Leo Zahel sen.

Leo Zahel sen. (1905-1963)

 

Leo Zahel sen. wurde am 12. April 1905 in Wagstadt (Vítkov) in Přívoz im Gebiet Troppau in Nordmähren geboren. Er erlernte nach Absolvierung der Volks- und Bürgerschule das Schlosserhandwerk und engagierte sich seit seiner Lehre in der linken Jugendbewegung, geleitet durch den damaligen Bürgermeister Genosse Helfer. Leo Zahel trat der Sozialdemokratie bei und Seine organisatorischen Fähigkeiten und seine Rednergabe ermögliche es ihm, die Parteischule in Karlsthal zu besuchen.
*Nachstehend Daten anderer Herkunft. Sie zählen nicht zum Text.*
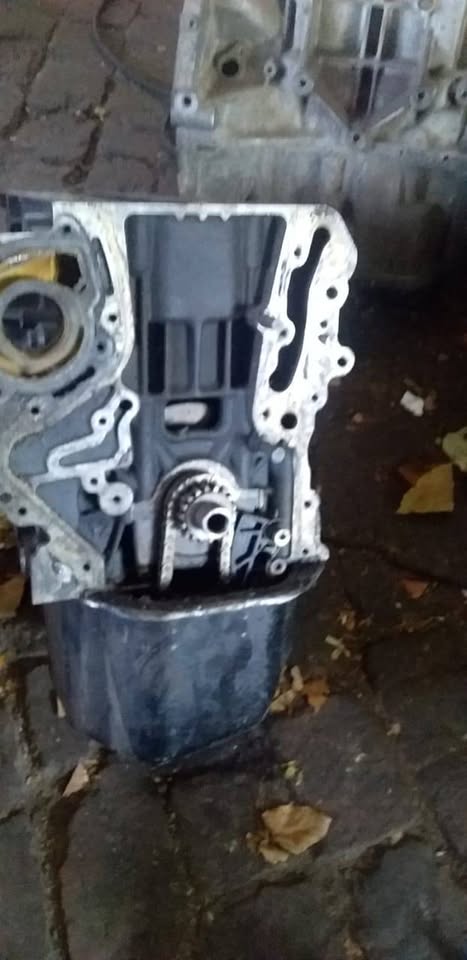 Polo 6 & Polo Vivo Clp 1.4 Complete Engine Block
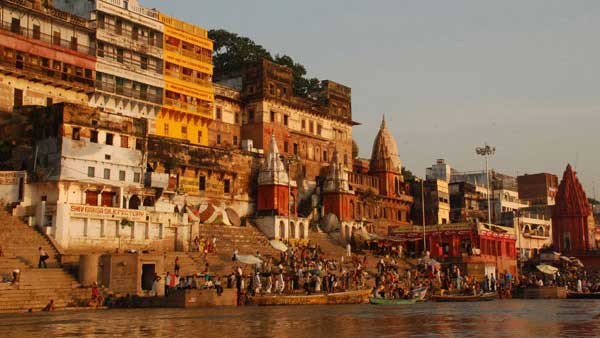 What should one see in varanasi What should one see in varanasi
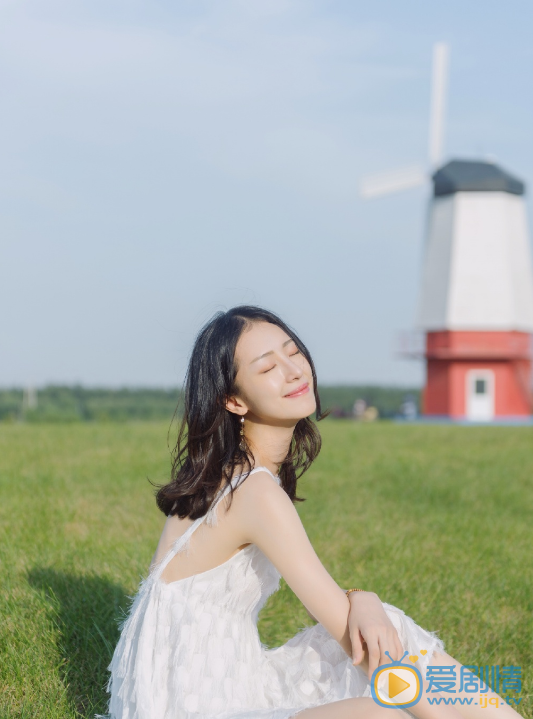 徐舒莹小清新写真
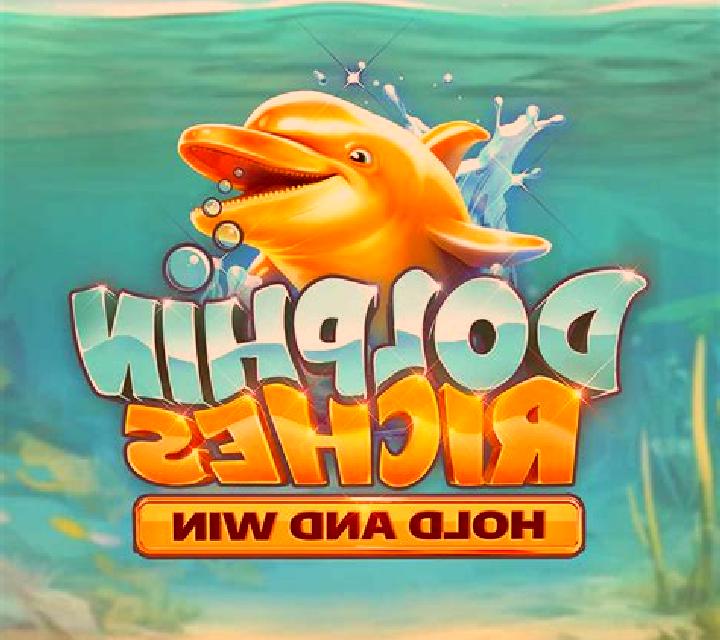 Dolphin Riches slot machine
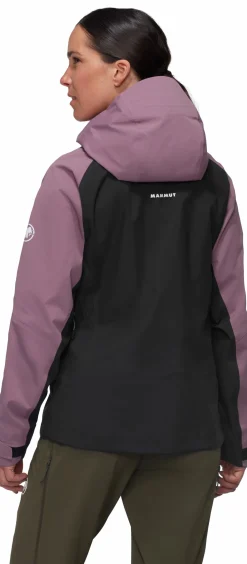 Kurtka membranowa Mammut Taiss Pro HS Hooded Jacket Women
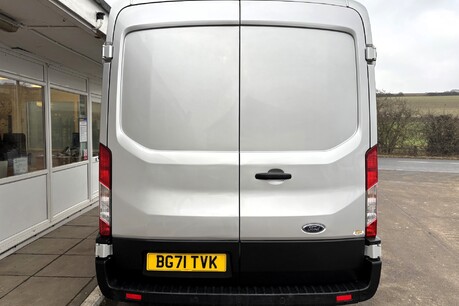 Ford Transit 350 L2 H2 130 ps Limited Panel Van 13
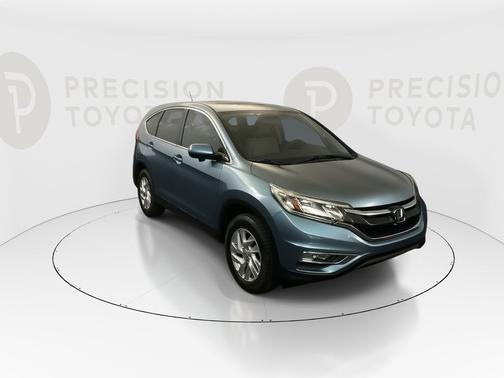 Mountain Air Metallic 2016 Honda CR-V EX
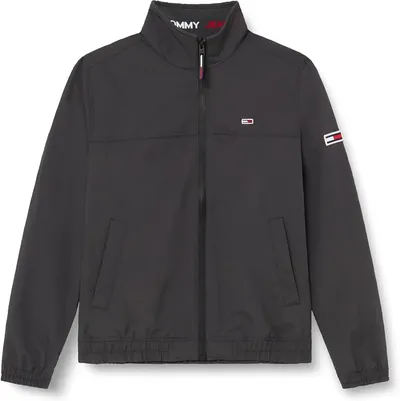 Tommy Jeans Cazadora de Entretiempo para Hombre TJM Essential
Beim Sozialistischen Jugendtag in Aussig 1926 oder 1929 in Wien, marschierte er begeistert mit. Er arbeitete auch an der „Volkspresse“, dem sozialdemokratischen Bezirksblatt im ostmährisch-schlesischen Raum mit. Er wurde 1930 Parteisekretär der DSAP in Troppau und Mährisch-Ostrau für das nordmährisch-schlesische Gebiet. Außerdem war er auch Leiter der dortigen Frauenabteilung. 1934 wurde ihm die Leitung des Parteisekretariats in Jägerndorf übertragen. Ein Jahr später kehrte er wieder nach Troppau zurück. Die Familie zog entsprechend seinen Aktivitäten um, lebte aber die längste Zeit in Troppau, in einem Haus, das der Partei gehörte und in dem sich die Zeitungsdruckerei „Vorwärts“ befand. Sohn Leo Zahel jun. wurde am 31. Mai 1931 in Troppau/Opava geboren.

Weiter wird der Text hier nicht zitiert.